I think the concern, and it's valid, is that the police will be emboldened to search without warrants due to these rulings. Going to the courts after the fact to make a claim against the government is costly and time consuming, so too many people won't bother. I mean, unless the courts grant huge sums of penalties as remedy, and I don't see that happening. In the exceptions I listed, we all benefit from the nuke not going off, no matter what the court decides later. In the case of smelling pot smoke, the cops will be violating the "home is one's castle" with little benefit to society and not a big deal what the courts decide later. Even worse, the cops can simply hassle anyone they want and for whatever actual reason, simply by claiming they smelled pot smoke. A judge is likely to believe the cops if it's a matter of he said/he said.
I think I'm still going to disagree even with the concern. I think the kool aid needs to be put away now. You've all had plenty enough to drink. Oh wait, there's a knock at my door and I hear muffled voices. Golly, I wonder who it could be....
This doesn't create a police state. It proves we already live in one. These are state supreme court justices, deliberately attacking our most basic Constitutional protections against a police state. It's clear you didn't read the ruling, as it is purposely so broad as to excuse illegal entry based on any flimsy reason offered. I predict 4 results from this, all bad for Indiana. 1. Certainly some police will be killed by innocent citizens protecting their homes from armed intrusions. 2. Law enforcement levies will fail to pass in Indiana at a record level. 3. Citizens charged under this law will be defended for free by the ACLU and numerous high profile defense attorneys who will appeal to the Federal courts and win 100% of the time. 4. Indiana will suffer additional economic woes from the publicity as nobody is going to want to live there.

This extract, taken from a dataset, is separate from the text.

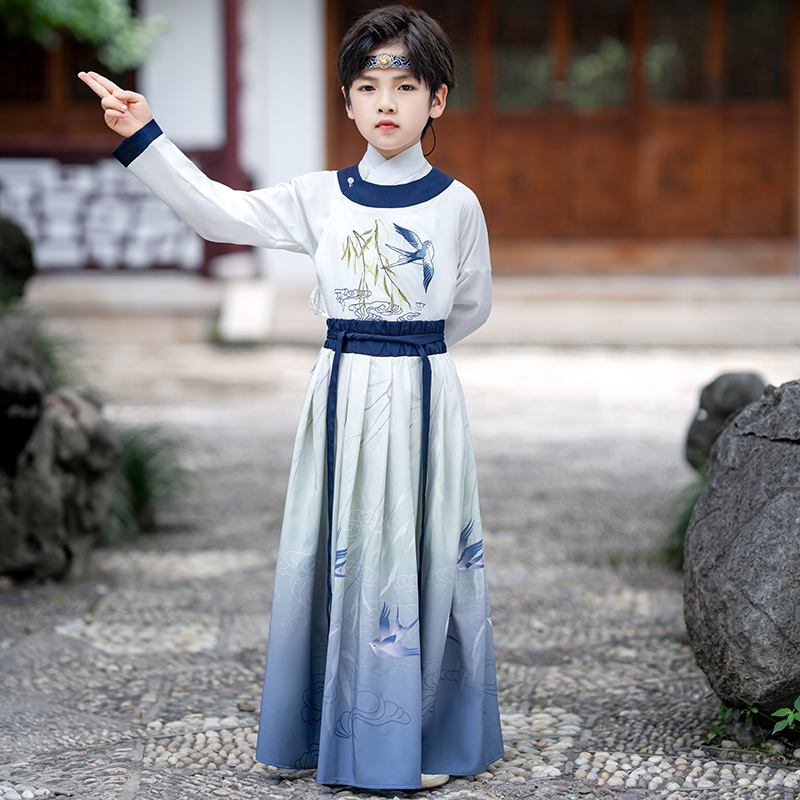 Song Dynasty Hanfu for Men, Wei and Jin Dynasty, Spring and Autumn Period, Scholar, Middle School Student Performance Costume, Young Gentleman, Tang Suit, School Opening Song Suit, Round-Neck Robe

Nonsense. This ruling says if police say they heard a toilet flush as they passed a door, they can break the door down and trash the place searching for drugs and use deadly force if the terrified homeowner resists the assault on his castle. The ruling is clearly the result of Alzheimers running rampant in our court system, which gives judges jobs for life without any mental fitness standard or review.
What other liberals? Ginsberg is the only remotely liberal judge on the court. The others are generally all moderate to extreme right, except for some personal issues they support.
You misread the decision. It doesn't say that it's OK if the entry is unlawful. And the state court didn't rule that unlawful entry is OK, either - it spoke to resisting arrest in the situation where there's unlawful entry.
In both decisions, the entry under question was clearly unlawful under the Constitution. It's pretty obvious the police (the lawbreakers here) concocted the pertinent parts of their story to create an implication of probable cause. The smell of pot outside an apartment building is no evidence at all against a single apartment. A toilet flushing is an ordinary occurrence in every home and cannot be credibly used as a "sound of evidence being destroyed". The courts said it was okay anyway. Clearly a police-state move, backed by police-state judges. Our Constitution is nothing more than a piece of paper until we replace these facists with "people".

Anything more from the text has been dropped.